Associate Justice of the California Court of Appeal, Second District, Division 1
- In office October 14, 1935 – 1958
- Appointed by: Frank Merriam

Personal details
- Born: William C. Doran December 21, 1884 Cincinnati, Ohio, U.S.
- Died: January 23, 1965 (aged 80) Los Angeles, California, U.S.
- Spouse: Juanita Doran
- Children: 2
- Education: University of Southern California Law School
- Occupation: Jurist

= William C. Doran =

American judge

William C. Doran (December 21, 1884 – January 23, 1965) was an associate justice of the California Court of Appeal, Second Appellate District, Division 1, from October 14, 1935, until 1958.

==Biography==
Born in Cincinnati, Ohio, Doran moved to California at the age of 12. He received his law degree from the University of Southern California Law School in 1907 and was admitted to the bar in July of that year. He was a deputy district attorney in Los Angeles County from 1910 to 1917 and chief deputy from 1917 to 1923. In 1921, Doran assisted with the prosecution of Fatty Arbuckle for the rape and murder of Virginia Rappe. Doran also played a key role in the Ku Klux Klan raid in Inglewood, California, that precipitated the outlawing of the Klan in the state.

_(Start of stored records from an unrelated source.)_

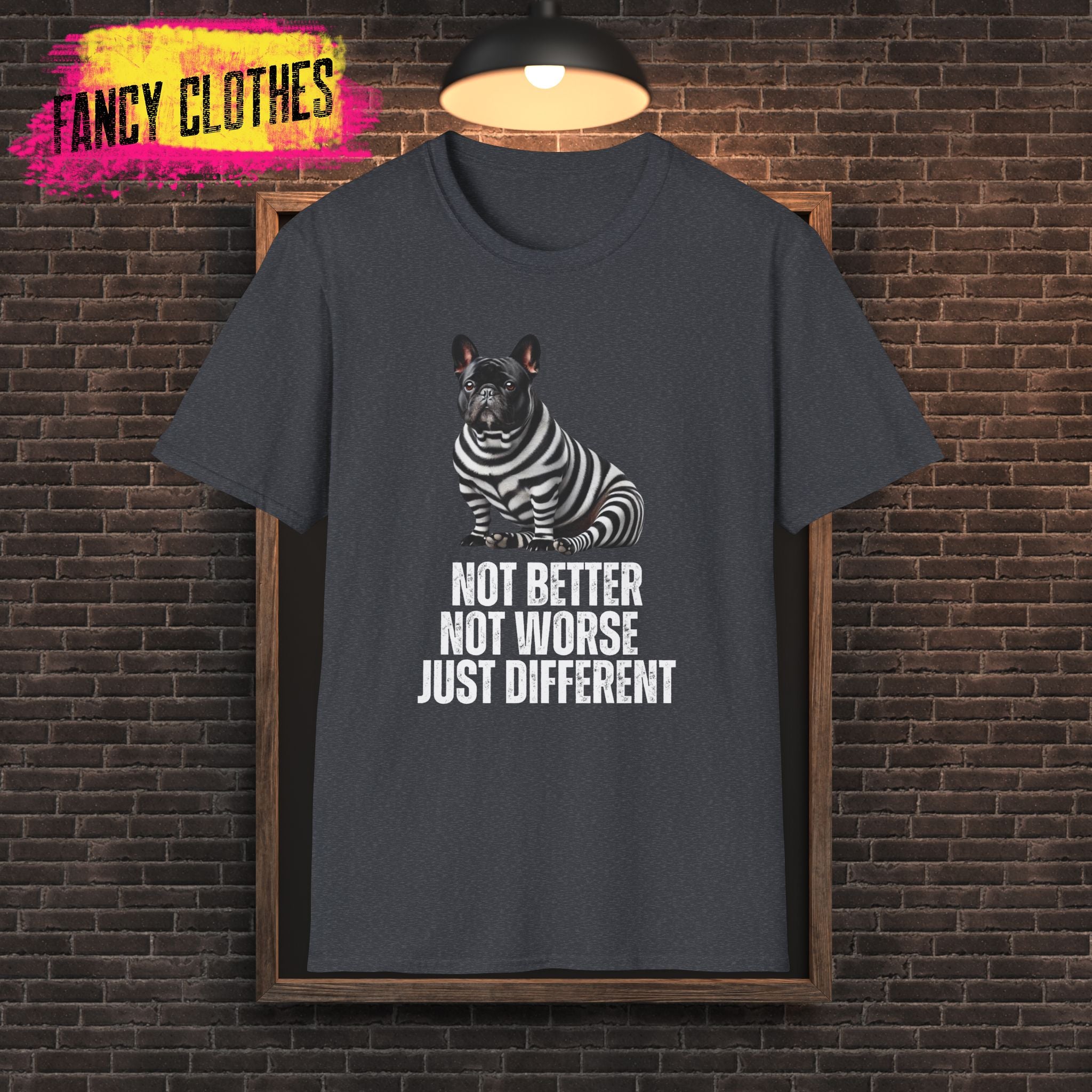 Unisex Softstyle T-Shirt - Frenchi Not better, not worse, just different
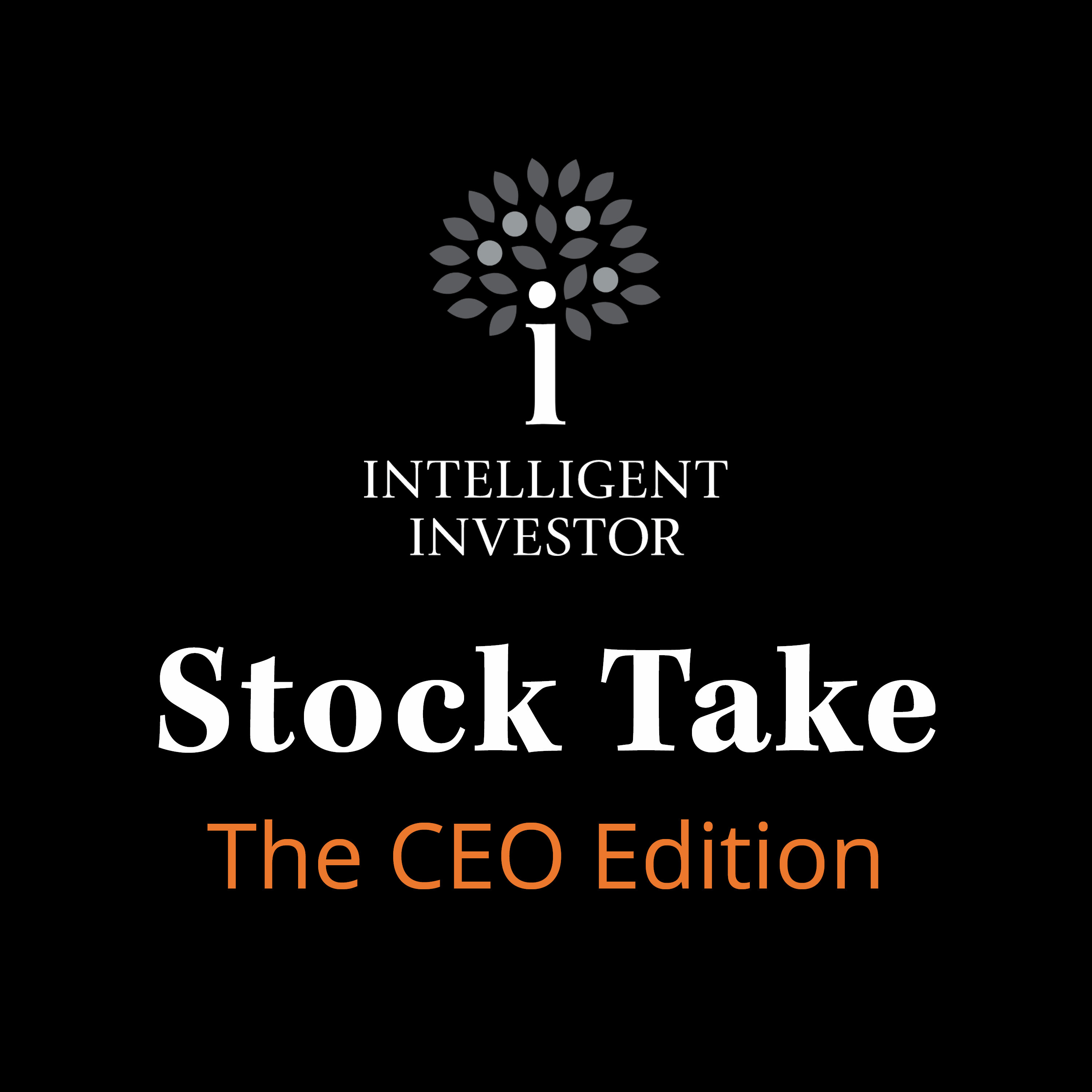 Stock Take: The CEO Edition Stock Take: The CEO Edition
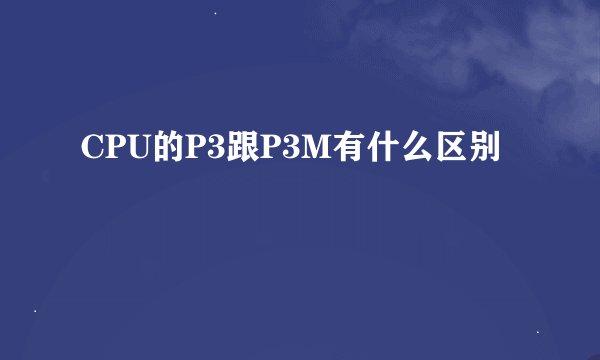 CPU的P3跟P3M有什么区别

In 1923, Doran was made a judge of the Los Angeles County Superior Court, a position he held from January 2, 1923 to October 13, 1935. In 1935, Doran was elevated by Governor Frank Merriam to a seat on the California District Court of Appeal.

==Personal life and death==
Doran and his wife, Juanita, had two sons, William E. and John (nicknamed Jack). Doran died at his home in Los Angeles, California, at the age of 80, having experienced a lengthy period of disability due to a series of strokes. Following his death, Doran's estate was estimated to be worth $500,000.